This approach, which might be called modernization, has not been fully avowed by the Supreme Court, and it does not characterize every area of constitutional law. But it is the dominant approach in many important areas. Modernization is an especially useful way of understanding the Supreme Court’s substantive due process decisions of the last half-century—decisions concerning reproductive freedom and intimate relationships—and of seeing why those decisions are, contrary to widespread belief, fundamentally different from the substantive due process decisions of the early twentieth century. Modernization is also central to the interpretation of the Eighth Amendment’s prohibition on cruel and unusual punishment and to the decisions, interpreting the Equal Protection Clause, that impose limits on gender discrimination. In many other areas—other aspects of the Equal Protection Clause, the Commerce Clause, the religion clauses, constitutional criminal procedure—modernization is an important part of the story.

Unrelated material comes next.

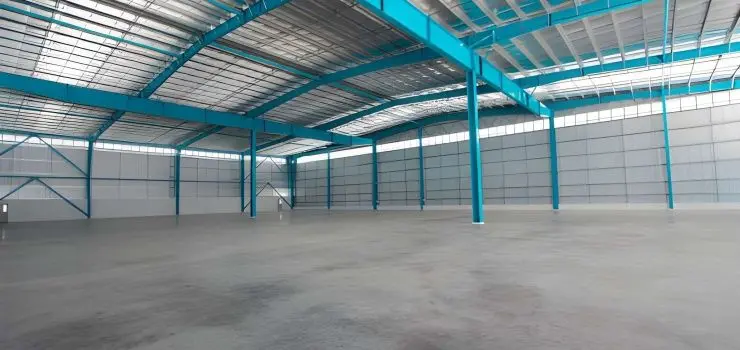 Interior vacío de una nave industrial metálica con armazón azul y cubierta blanca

Modernization has two components. The first is that the courts will strike down a statute if they believe it no longer reflects popular opinion or if the trends in popular opinion are running against it. Modernization tries to anticipate developments in the law, invalidating laws that would not be enacted today or that will soon lose popular support. Second, as an important corollary, a modernizing court must be prepared to change course—and uphold a statute that the court previously struck down—if it becomes apparent that popular sentiment has moved in a different direction from what the court anticipated.

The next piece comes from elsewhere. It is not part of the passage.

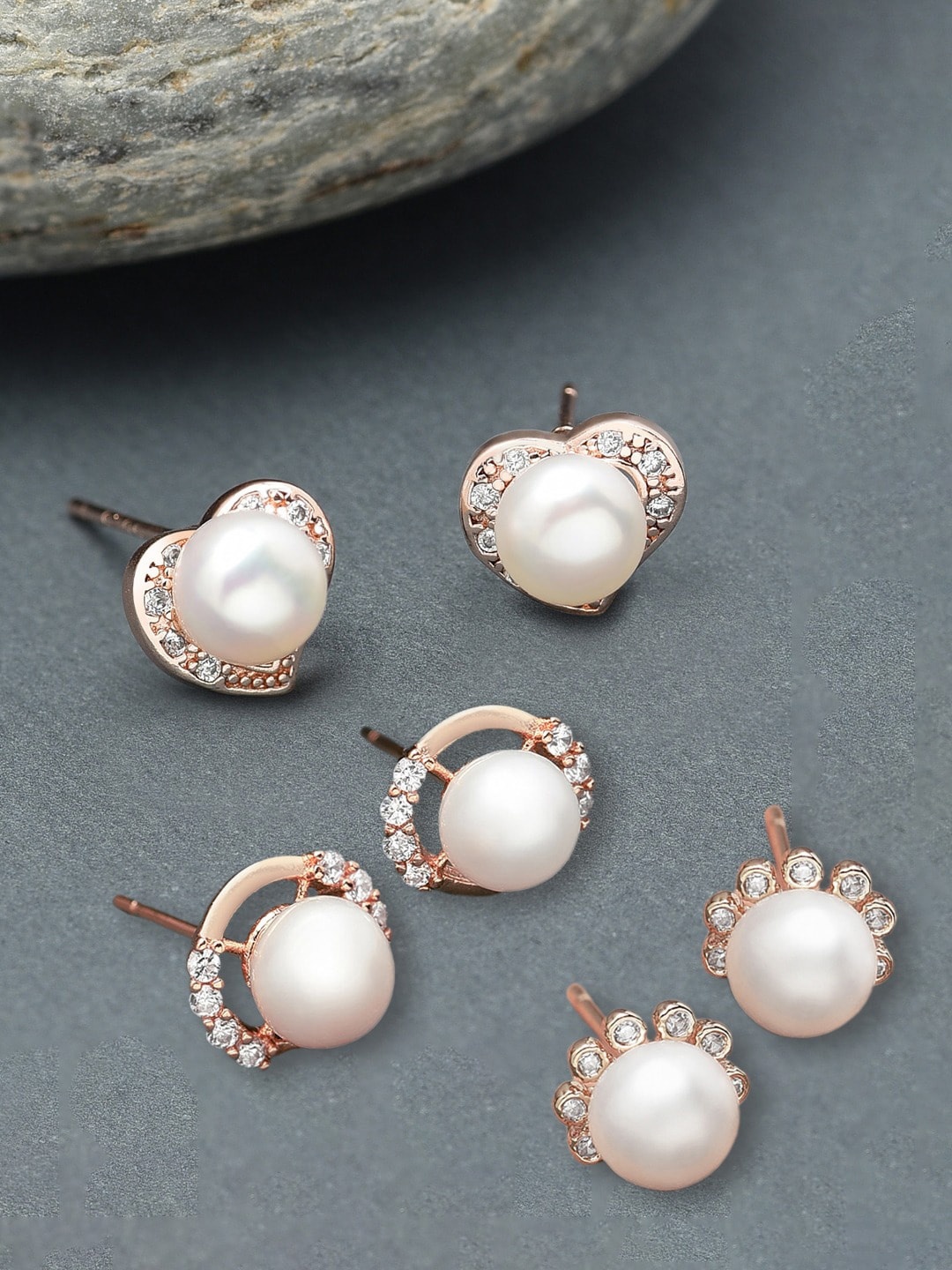 

Zaveri Pearls Rose Gold Contemporary Studs Earrings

Modernization is, I believe, an instinctive, defensive response by the courts to the persistent criticism that judicial review cannot be reconciled with the core principles of democratic government. Whether modernization is a good development, all things considered, is uncertain; I have my doubts. But whatever its faults, there is reason to believe that the modernizing approach to judicial review is, today, central to constitutional law.

 
I.
Modernization in Action

A.     Cruel and Unusual Punishment

The most overt adoption of the modernization approach has occurred in cases interpreting the Cruel and Unusual Punishment Clause of the Eighth Amendment. In a series of decisions over the last twenty years concerning the constitutionality of the death penalty, the Supreme Court has considered the critical question to be whether the challenged form of punishment was losing support in public opinion. The Court has considered, for example, whether the states that allowed the death penalty in certain circumstances were outliers; whether that form of punishment had fallen into disuse in practice; and whether the trend was to disapprove of it.1

The other component of modernization—the willingness to back down if the political process pushes back—is implicit in these opinions, and it was dramatically illustrated in an earlier Eighth Amendment episode. In 1972, in Furman v Georgia,2 the Court declared that capital punishment, as then practiced in the United States, was administered so arbitrarily and unpredictably that it was “cruel and unusual” and therefore unconstitutional.3 At the time, the Court had reason to believe that popular support for capital punishment in the United States was diminishing; that view was reflected in the Furman opinions and, even more explicitly, in the private papers of some of the justices.4 Capital punishment, the Court suggested, had so little support that its imposition was basically a matter of happenstance.5

Within four years, thirty-five states had reenacted death penalty statutes drafted specifically to address the concern about excessive discretion and arbitrariness.6 In 1976, the Court upheld some of these statutes, effectively reinstating capital punishment in the United States.7 The Court’s treatment of capital punishment—its emphasis on trends in the law, coupled with a willingness to retreat—illustrates both aspects of the modernization paradigm.

 
B.     Sex Discrimination and the Equal Protection Clause

Modernization has also—less obviously—become the governing approach to laws that discriminate on the basis of sex. The black-letter standard for judging sex classifications under the Equal Protection Clause requires that such a classification be “substantially related” to “important governmental objectives.”8 But sex classifications are sometimes unconstitutional even if they do seem to have a substantial relationship to an important objective. The Supreme Court has, for example, twice invalidated statutes that presumed that widows, but not widowers, were dependent on the earnings of their deceased spouses.9 But that presumption was statistically correct, and the classification does have a substantial relationship to an important objective—the objective of protecting dependent surviving spouses without either incurring large administrative costs or spending money on spouses who are not dependent.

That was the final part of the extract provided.